=== Assigned task ===
Nothing but the lines below between the line holding "Ranking Joe - Stop You Coming And Come" and the line holding "Pine and Kiln Pottery", inclusive, should appear in the answer, each set down exactly.

=== Data records ===
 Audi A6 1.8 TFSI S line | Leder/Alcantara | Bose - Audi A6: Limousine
==
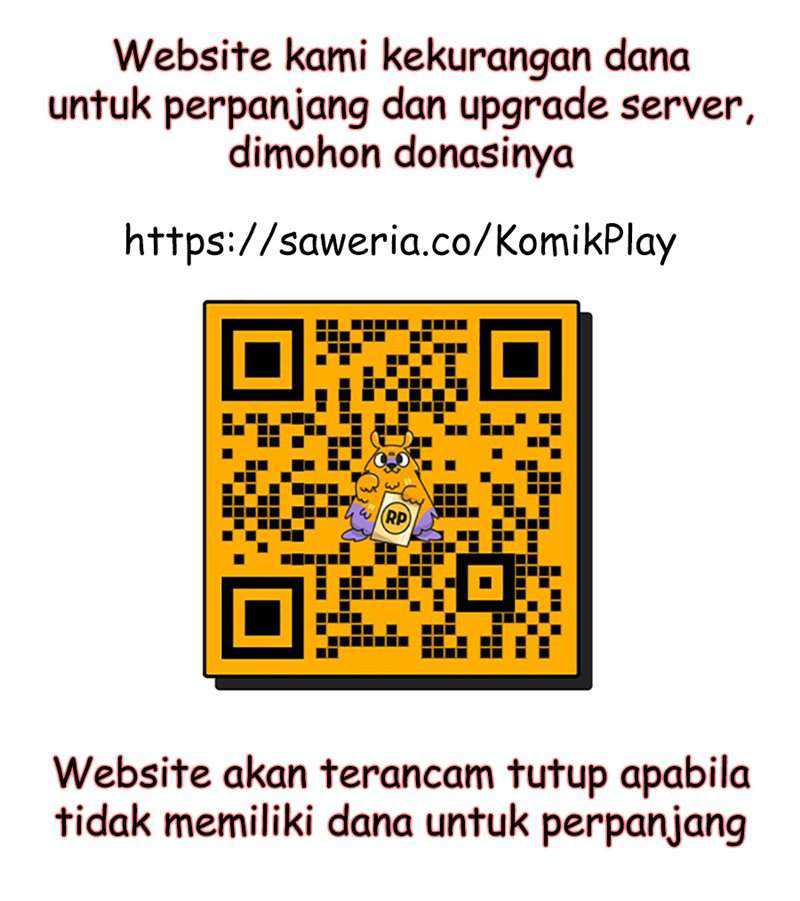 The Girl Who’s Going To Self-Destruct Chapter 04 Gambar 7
---
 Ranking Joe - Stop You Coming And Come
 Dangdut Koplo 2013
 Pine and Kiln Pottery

=== Reply ===
 Ranking Joe - Stop You Coming And Come
 Dangdut Koplo 2013
 Pine and Kiln Pottery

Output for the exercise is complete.